▶ **What the task asks**: With the pictures left out, write out exactly the lines of the listing below that run from the line with "Welcome to episode" through the line with "Now the disadvantages".

▶ **Information given**:
- - - - - - -

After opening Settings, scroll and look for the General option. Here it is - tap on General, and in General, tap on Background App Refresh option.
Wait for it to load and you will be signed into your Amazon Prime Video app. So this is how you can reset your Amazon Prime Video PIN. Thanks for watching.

- - - - - - -

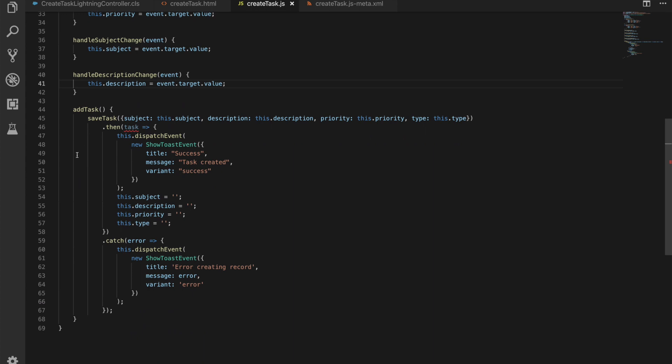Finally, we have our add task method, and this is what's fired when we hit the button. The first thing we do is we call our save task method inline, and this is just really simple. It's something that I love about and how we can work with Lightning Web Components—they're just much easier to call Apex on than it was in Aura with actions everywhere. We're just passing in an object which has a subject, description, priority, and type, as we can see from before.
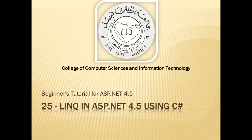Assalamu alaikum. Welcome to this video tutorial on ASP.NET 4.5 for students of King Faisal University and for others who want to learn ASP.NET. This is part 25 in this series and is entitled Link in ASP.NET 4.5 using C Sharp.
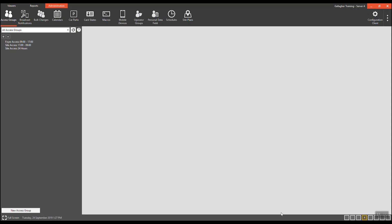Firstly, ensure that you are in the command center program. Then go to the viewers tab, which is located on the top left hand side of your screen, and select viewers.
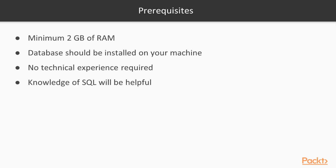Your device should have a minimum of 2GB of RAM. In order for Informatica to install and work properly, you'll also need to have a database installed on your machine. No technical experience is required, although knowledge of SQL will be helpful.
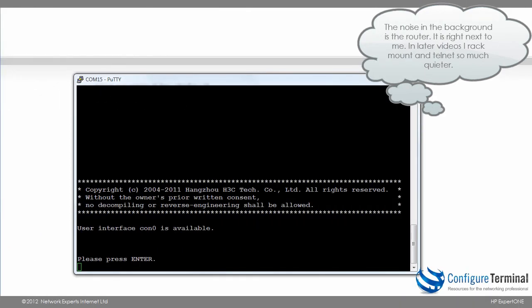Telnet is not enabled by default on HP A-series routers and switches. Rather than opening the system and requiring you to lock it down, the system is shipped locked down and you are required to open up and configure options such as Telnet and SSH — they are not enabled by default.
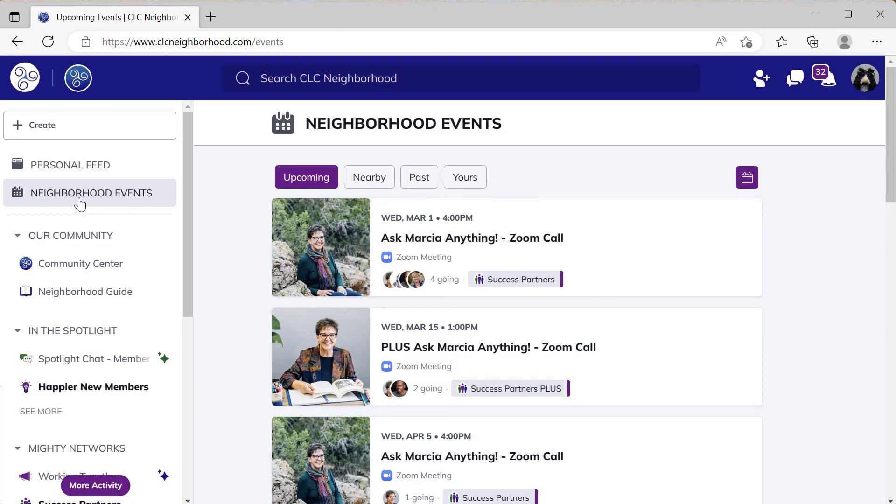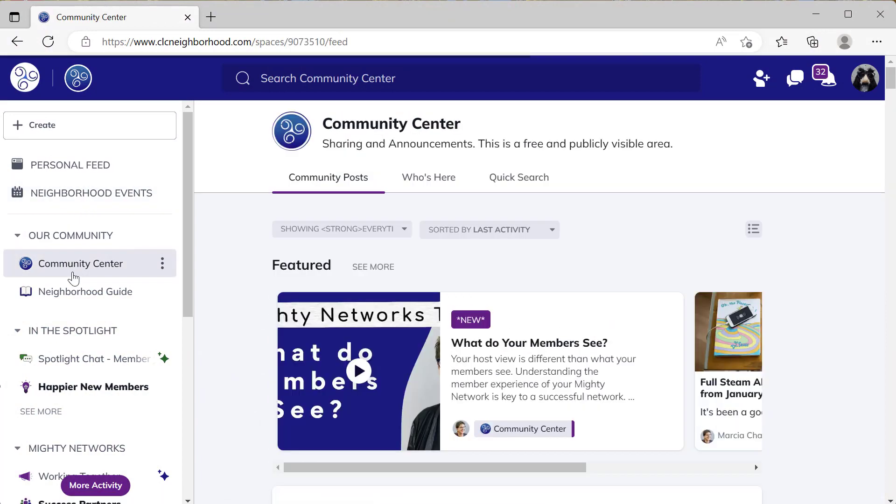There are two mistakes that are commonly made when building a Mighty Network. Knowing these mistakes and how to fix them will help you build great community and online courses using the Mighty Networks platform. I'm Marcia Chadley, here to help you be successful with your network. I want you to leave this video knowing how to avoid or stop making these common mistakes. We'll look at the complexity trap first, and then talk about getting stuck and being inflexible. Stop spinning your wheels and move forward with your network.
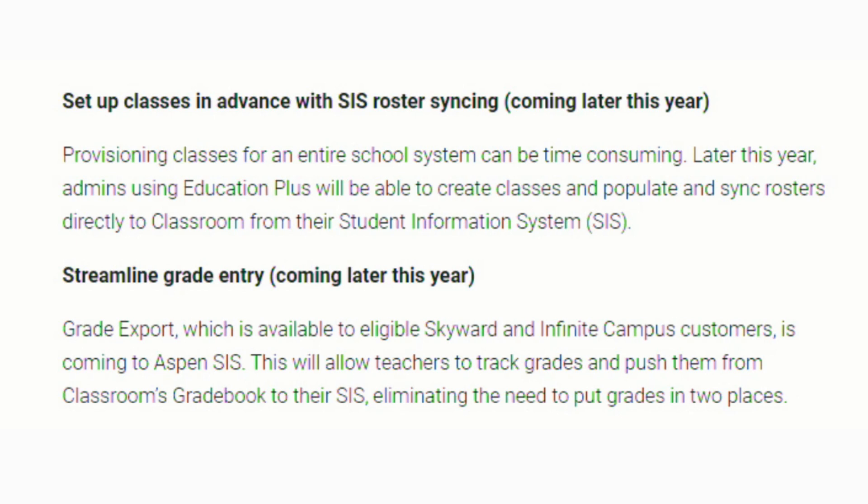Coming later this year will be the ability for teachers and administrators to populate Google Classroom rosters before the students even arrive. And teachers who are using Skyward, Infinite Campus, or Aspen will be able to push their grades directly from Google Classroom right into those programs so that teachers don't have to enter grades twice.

- - - - - - -

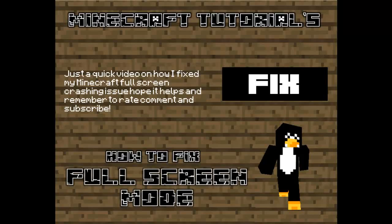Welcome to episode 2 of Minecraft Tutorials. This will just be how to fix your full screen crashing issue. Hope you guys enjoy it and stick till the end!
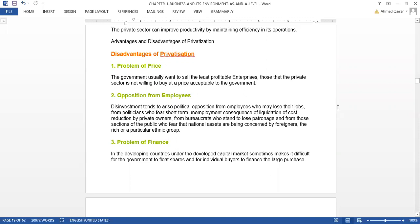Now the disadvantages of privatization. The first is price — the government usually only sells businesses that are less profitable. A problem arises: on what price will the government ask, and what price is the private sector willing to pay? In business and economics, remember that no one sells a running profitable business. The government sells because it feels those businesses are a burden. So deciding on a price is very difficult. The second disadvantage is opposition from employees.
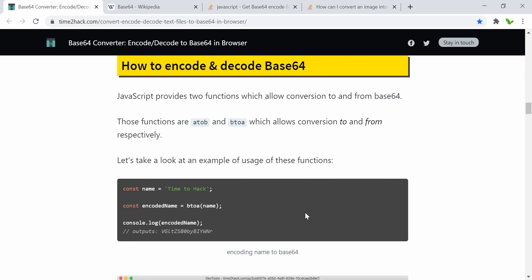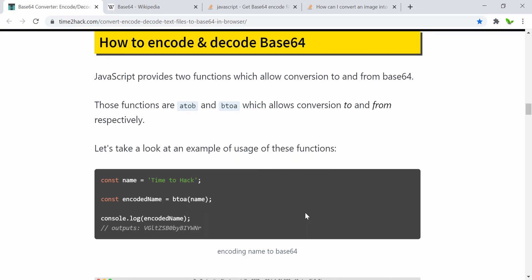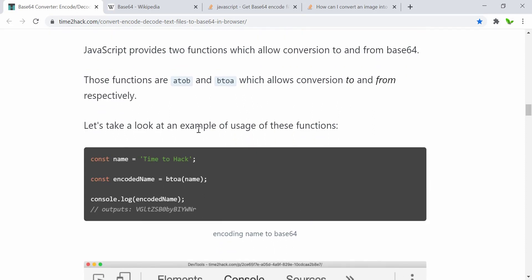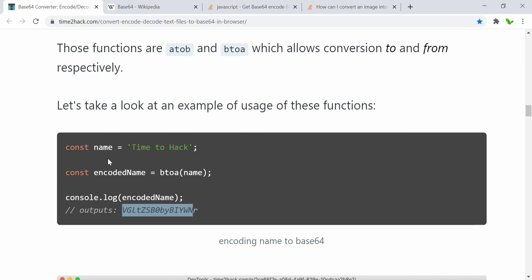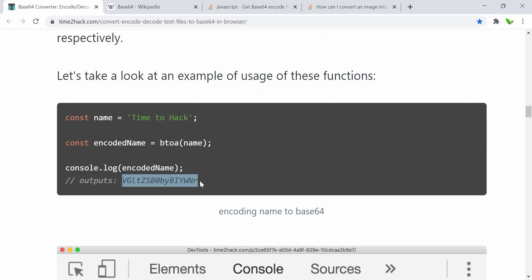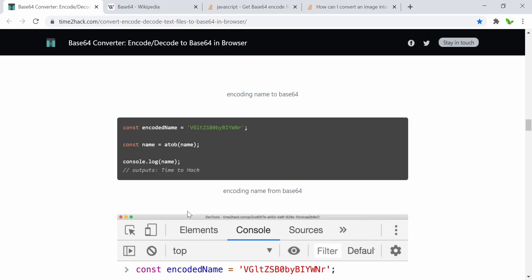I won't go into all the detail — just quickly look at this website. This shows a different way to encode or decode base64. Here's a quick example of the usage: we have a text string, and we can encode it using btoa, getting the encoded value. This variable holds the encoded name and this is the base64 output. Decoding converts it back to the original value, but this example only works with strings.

- - - - - - -

▶ **Finished task**:
Welcome to episode 2 of Minecraft Tutorials. This will just be how to fix your full screen crashing issue. Hope you guys enjoy it and stick till the end!
Now the disadvantages of privatization. The first is price — the government usually only sells businesses that are less profitable. A problem arises: on what price will the government ask, and what price is the private sector willing to pay? In business and economics, remember that no one sells a running profitable business. The government sells because it feels those businesses are a burden. So deciding on a price is very difficult. The second disadvantage is opposition from employees.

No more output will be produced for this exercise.